Cuando se acuñó la expresión vox populi, vox Dei hacía tiempo que los dioses había perdido la costumbre de pasearse entre nosotros y, por eso, la fórmula suena solemne. Decir que la voz del pueblo es la voz de Dios, es asunto serio. Tiene sus defensores, como Maquiavelo; y también detractores (Alcuino de York advierte a Carlomagno contra ella) y contra el llamado argumento ad populum o falacia populista.

Así como en el caso del texto escrito hay una cierta criba, no ocurre lo mismo con la palabra. Porque la laxitud con la que se habla en la barra del bar no tiene nada que ver con el rigor que cabe esperar en el conferenciante, porque la palabra recitada por el poeta dista del exabrupto y, para terminar, la fuerza del insulto es muy otra a la fuerza del argumento.

Ocurre que el hablar se reviste con diversos ropajes. Se puede ser desmañado o preciso. De Gorgias a Perelman hay, por eso, un intento de dotar de rigor a la oralidad porque eso tan común de hablar puede hacerse al tuntún pero puede también dotarse de estructura y ritmo, belleza y rigor. Y conviene cuidar lo que se dice, no porque se crea a pie juntillas aquello de vox populi, vox Dei sino porque hablar al tuntún es de tontos y el nivel de tontuna empieza a saturar a estas alturas.

Si hacemos caso a Arcadi Espada, habría que considerar los hashtags, tuits y demás como una modalidad de habla (de hecho, como saben, se pueden escribir hablándole al móvil), pero no una clase cualquiera. Transmiten, por el contrario, el habla inmediata, espontánea, sin procesar, sin pasar por la elaboración de la retórica, el buen tuntún.

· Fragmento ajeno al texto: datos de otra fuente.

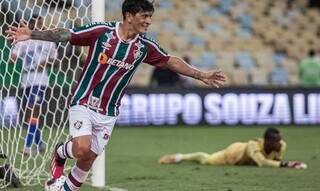 Argentino comemora gols marcados neste domingo. (Foto: Marcelo Gonçalves/Fluminense)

De modo que la panacea que vocean los tecnólogos del aprendizaje (los Tic y las Tac), después de tantas vueltas, era eso: la vuelta a la naturaleza, el rechazo del artificio, de la cultura en suma (aquello que en el ideal liberal transmitía la escuela: instrucción).

Pero siempre nos quedará el humor o la malafollá, según como pinte el tuit, vox Dei inequívocamente. Y con esos elementos y esos instrumentos me parece que se van a cocinar las elecciones cuyo pistoletazo de salida se da hoy. ¿Triunfará el humor? ¿Lograrán transmitir ilusión para conservar lo valioso que hemos construido juntos o vencerá la inmadurez de desmelenarse y mandar todo a tomar viento? ¿Movilizarán la esperanza de mantener y mejorar el estado de bienestar o nos olvidaremos que nuestra cultura es tan valiosa como frágil y que, como toda construcción humana, puede irse al garete? Síganlo con los tuits o piénselo informándose en la prensa: usted elige, usted vota.